The stigma surrounding mental health is getting better, yet many men are still reluctant to talk about their mental health issues – and this is despite rising rates of suicide. Women are 63 percent more likely than men to seek help for mental health issues and, in the U.S., 78 percent of suicide attempts involve men.

Much of this reluctance has to do with the fact that many men still view mental illness as a sign of weakness. “I am the rock. I am the stable one. Weakness is bad. Men are strong,” a 30-year-old male told, in a recent article regarding mental health and mobile apps. He also admitted being okay telling his wife that he was sexually abused as a child (although he never reported it) but not okay admitting that he was suffering from depression.

Researchers have found that working-class men, men approaching middle age and men in rural areas are even more likely to view mental health as a sign of weakness and more likely to self-medicate with alcohol and drugs. And, as we in the addiction community know all-too well, self-medication doesn’t solve anything. It even worsens symptoms of depression.

To address this problem and circumvent the stigma men feel, researchers have been studying the use of mobile phones or online services. In fact, there are more and more apps that deliver mental health treatment to those who may be resistant to seeking face-to-face help.
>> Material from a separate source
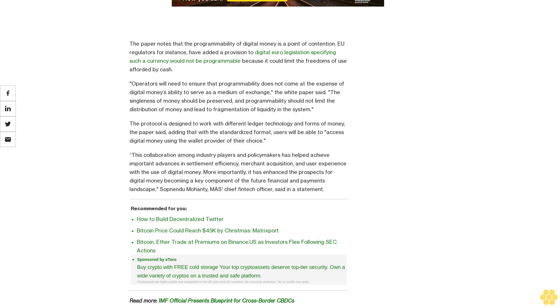This collaboration among industry players and policymakers has helped achieve important advances in settlement efficiency, merchant acquisition, and user experience with the use of digital money. More importantly, it has enhanced the prospects for digital money becoming a key component of the future financial and payments landscape, said Sopnendu Mohanty, MAS's chief fintech officer, in a statement.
“In many ways it’s easier to be open on a screen, than with someone looking you in the eye,” Dr. Grant Blashki, told

Treating a Co-Occurring Disorder

At Spearhead, we know that mental illness is not a sign of weakness, nor is seeking help. If you or someone you love is struggling with mental illness and/or addiction, Spearhead Lodge can help. Our program is structured to address the underlying factors that led to mental health issues and addiction. To learn more, call today: 888-483-0528.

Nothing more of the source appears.